- **DATA BELOW**:
>>>>

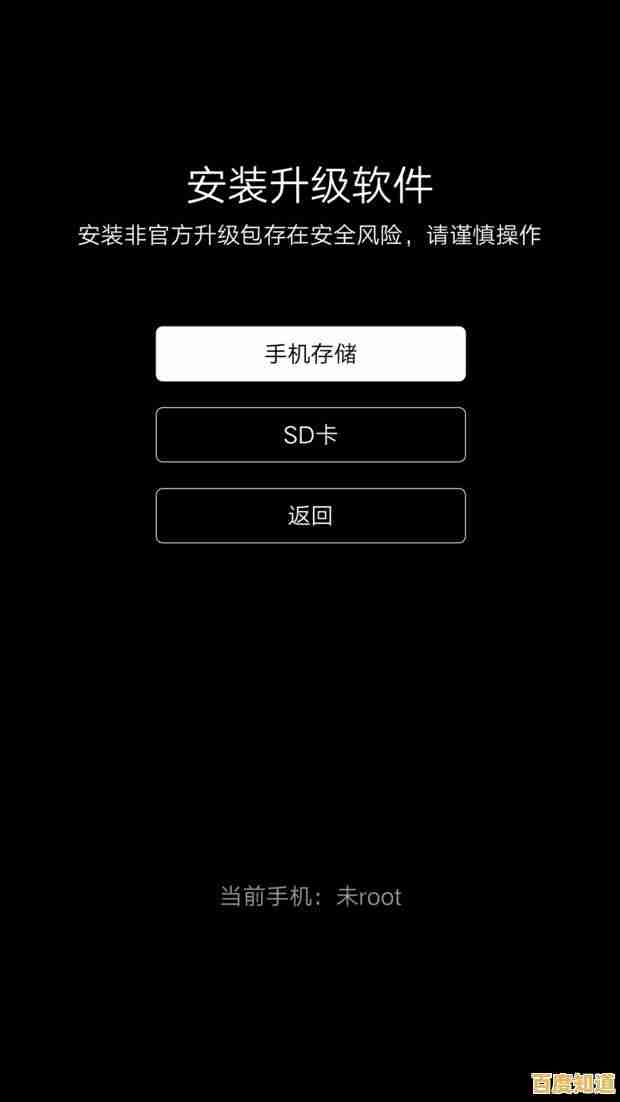 安卓手机系统重装详细指南与关键注意事项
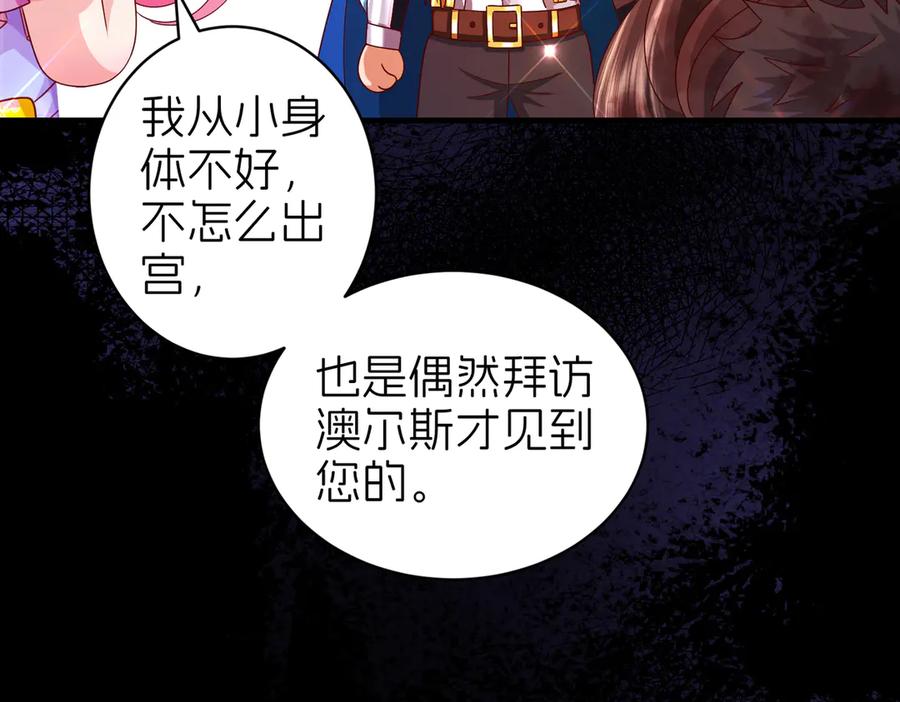 我把自己献给了双胞胎妹妹 天山雪莲 第31页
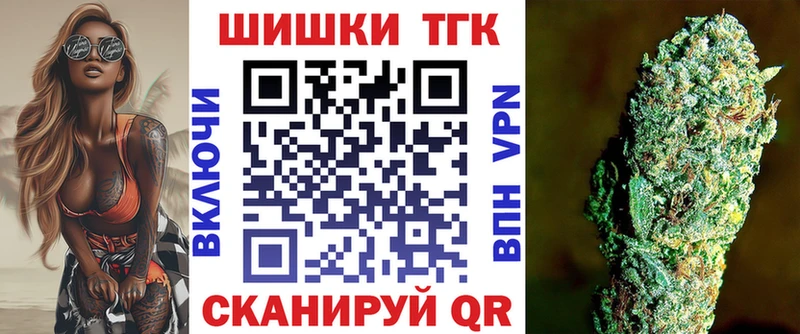 МАРИХУАНА Amnesia наркошоп Гусев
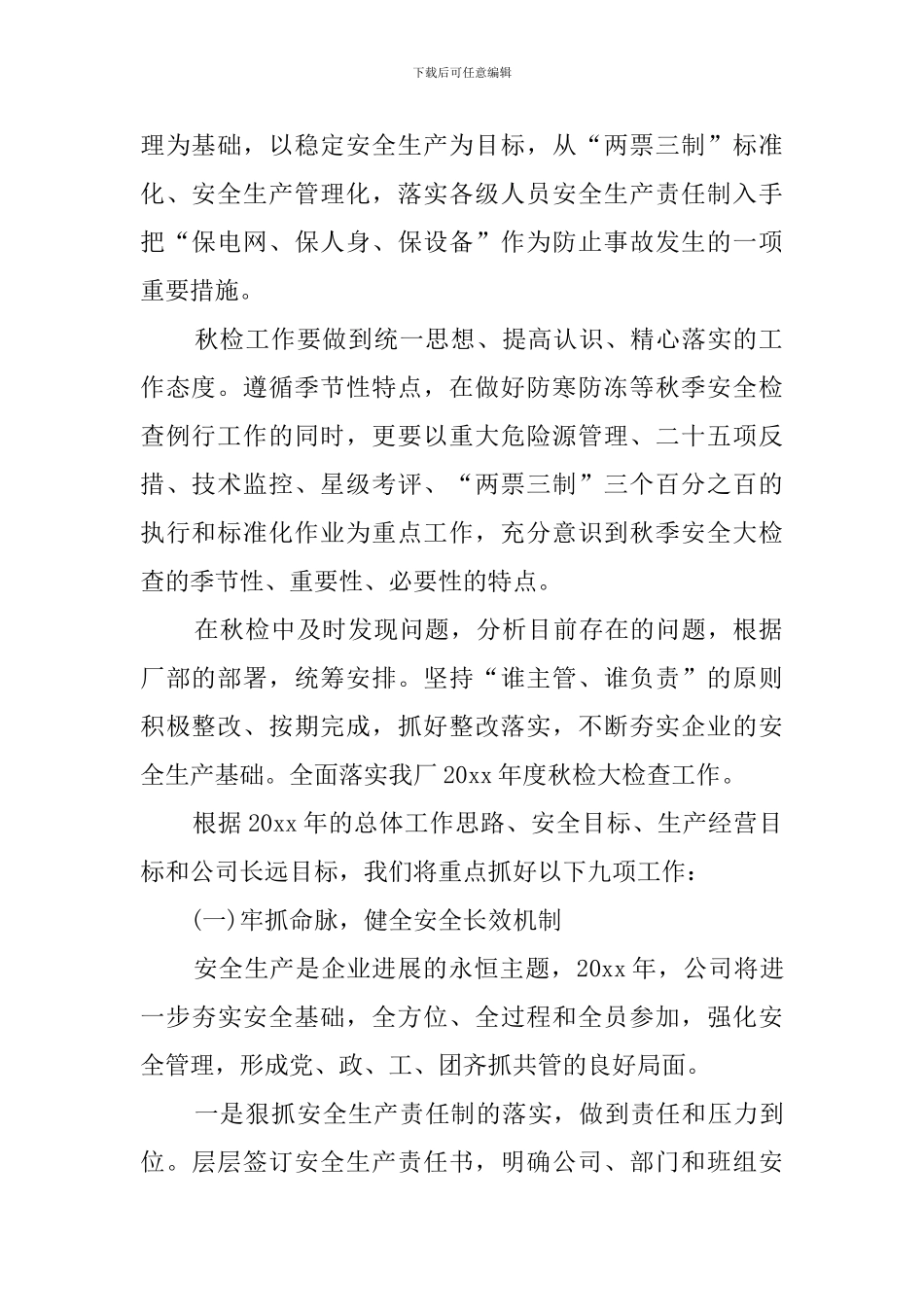 电厂安全工作计划范文_第2页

<<<<

- **EXERCISE**:
Write the listing out exactly, word for word, but omit the pictures.

- **SOLUTION TO THIS PROBLEM**:
 安卓手机系统重装详细指南与关键注意事项
 我把自己献给了双胞胎妹妹 天山雪莲 第31页
 МАРИХУАНА Amnesia наркошоп Гусев
 电厂安全工作计划范文_第2页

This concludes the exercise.